Gerade der Boom bei Gravelbikes - geländetaugliche Räder mit Rennradlenker - habe geholfen, mehr Frauen für das Radfahren zu gewinnen, sagte Wallace. Auch auf dem Rennrad seien immer mehr Frauen unterwegs. "Vor ein paar Jahren war das noch nicht so." Inzwischen seien gut ein Fünftel (21 Prozent) der Gravel-Kunden bei Canyon Frauen.

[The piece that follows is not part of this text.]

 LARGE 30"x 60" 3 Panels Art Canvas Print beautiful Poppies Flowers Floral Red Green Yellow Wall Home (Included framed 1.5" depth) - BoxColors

Bei Fahrrädern sieht Wallace mehrere Trends, darunter immer breitere Reifen mit 50 Millimetern und mehr bei Gravelbikes oder integrierte Radcomputer im Cockpit. Am Trend zum E-Bike führt für Canyon ebenfalls kein Weg vorbei.
Harter Preiskampf
Canyon ist für Sporträder bekannt und sponsert Radstar Mathieu van der Poel und Ironman-Siegerin Laura Philipp sowie die Tour-de-France-Teams Movistar und Alpecin-Deceuninck. Doch das Koblenzer Unternehmen, das im Wettbewerb mit Herstellern wie Rose steht, spürt die Spätfolgen des vergangenen Corona-Booms. Hohe Lagerbestände und Rabatte setzen der Fahrradbranche zu und ließen dort die Absatzzahlen sinken. "Die Lage bessert sich, aber die Auswirkungen halten dieses Jahr noch an", sagte Wallace.
Canyon lege den Fokus auf erschwingliche Modelle, auch um junge Kunden anzusprechen, und erwarte 2025 ein stabiles Geschäft. "In diesen Zeiten ist das schon ein Erfolg." Mit Sponsoring, etwa der Tour de France Femmes avec Zwift, wo Canyon mit drei Teams vertreten ist, wolle man potenzielle Kunden ansprechen. Neue Flagschiffstores wie zuletzt in München sollen zudem das Geschäft ankurbeln, sagte Wallace. Canyon halte aber am Geschäftsmodell als Online-Direktversender fest.
Stagnierender Umsatz
Im vergangenen Jahr erzielte Canyon einen Umsatz von 792 Millionen Euro - ähnlich wie 2023 (791 Mio. Euro). Allerdings hätten Rabatte das operative Ergebnis belastet, so Wallace. Hinter dem Fahrradhersteller steht der belgische Finanzinvestor GBL, er hat zuletzt seine Beteiligung an Canyon abgewertet.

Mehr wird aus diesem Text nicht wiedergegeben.